Abramoff sentenced to almost six years
He and a business partner are also to pay restitution of more than $21-million for the SunCruz fraud.
Published March 30, 2006
MIAMI - After telling a judge he is working to become "a new man," disgraced lobbyist Jack Abramoff was sentenced Wednesday to nearly six years in prison for committing fraud in the purchase of a fleet of gambling boats.
He will remain free while helping prosecutors with a bribery investigation that could involve members of Congress.
Abramoff, 47, and former business partner Adam Kidan, 41, received the minimum under federal guidelines: five years and 10 months.
The two pleaded guilty earlier to conspiracy and fraud for concocting a fake $23-million wire transfer to make it appear they were contributing their own money toward the purchase of the $147.5-million SunCruz Casinos gambling fleet.
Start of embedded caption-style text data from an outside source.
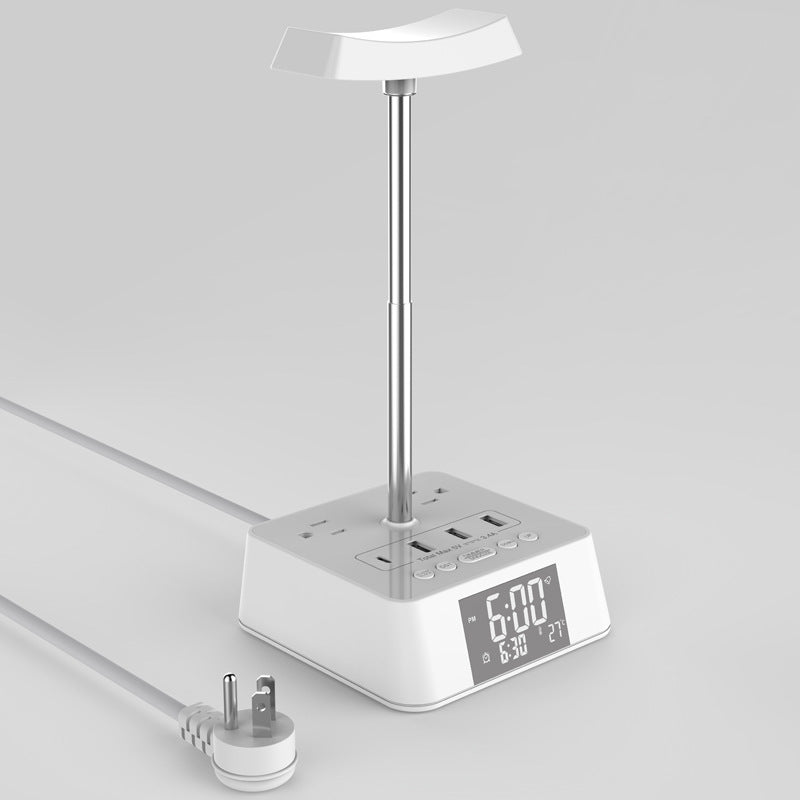 3 Level Light Desk Lamp Electronic Clock Socket Clock Charger #MG-08PD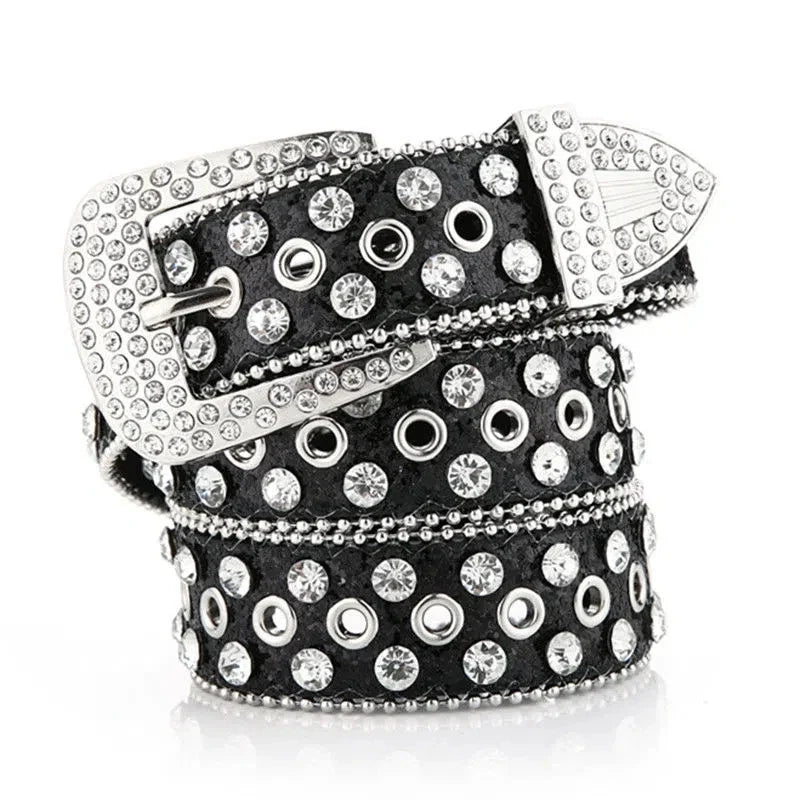 Women's Rhinestone Studded Belt - Hollow Pin Buckle Wedding & Party Accessory
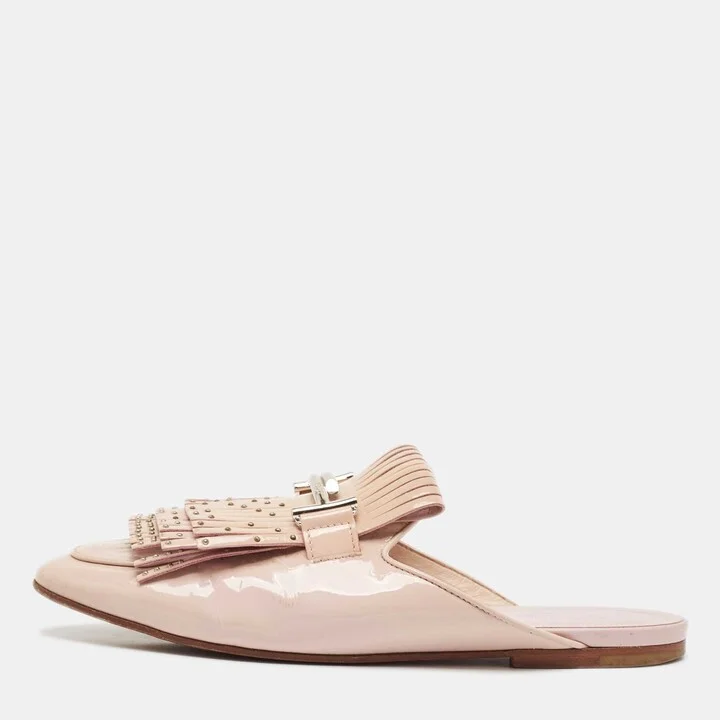 Tod's Beige Patent Studded Double T Mules Size 39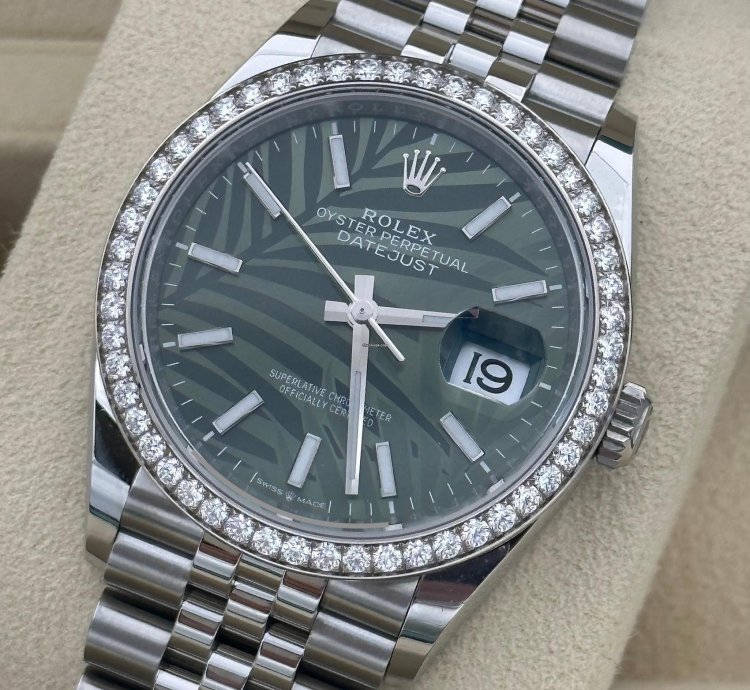 Rolex Datejust 36 126284rbr 2024 Palm Diamond Bezel Discontinued Green Gr Unworn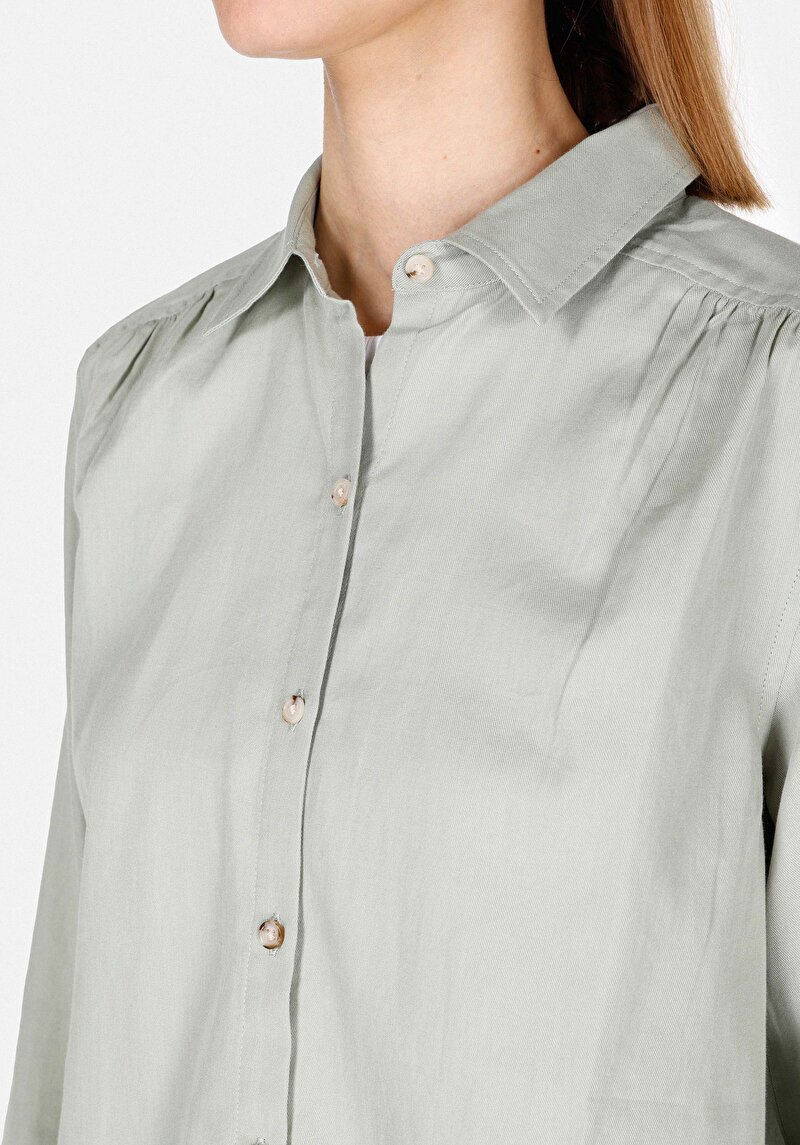 Afișați detalii pentru Regular Fit Cămașă Decolteu Drept Cămașă Verde Manșon Lung Pentru Femei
Based on that fraudulent transfer, lenders provided the pair with $60-million in financing.
Abramoff told U.S. District Judge Paul C. Huck that he had started "the process of becoming a new man."
"I am much chastened and profoundly remorseful," Abramoff said. "I can only hope that the Almighty and those whom I have wronged will forgive me my trespasses."
He and Kidan were also ordered to pay restitution of more than $21-million. Both must serve three years' probation after they get out of prison.
Abramoff pleaded guilty in the SunCruz fraud in January. The same week, he pleaded guilty in Washington to defrauding Indian tribes and other lobbying clients out of millions of dollars.
He also agreed to cooperate in a corruption probe that could involve as many as 20 members of Congress. No date has been set for his sentencing in that case.
The judge in the Miami case said Abramoff and Kidan will not have to report to prison for at least 90 days so they can continue cooperating with investigators in the corruption case and the slaying of former SunCruz owner Konstantinos "Gus" Boulis.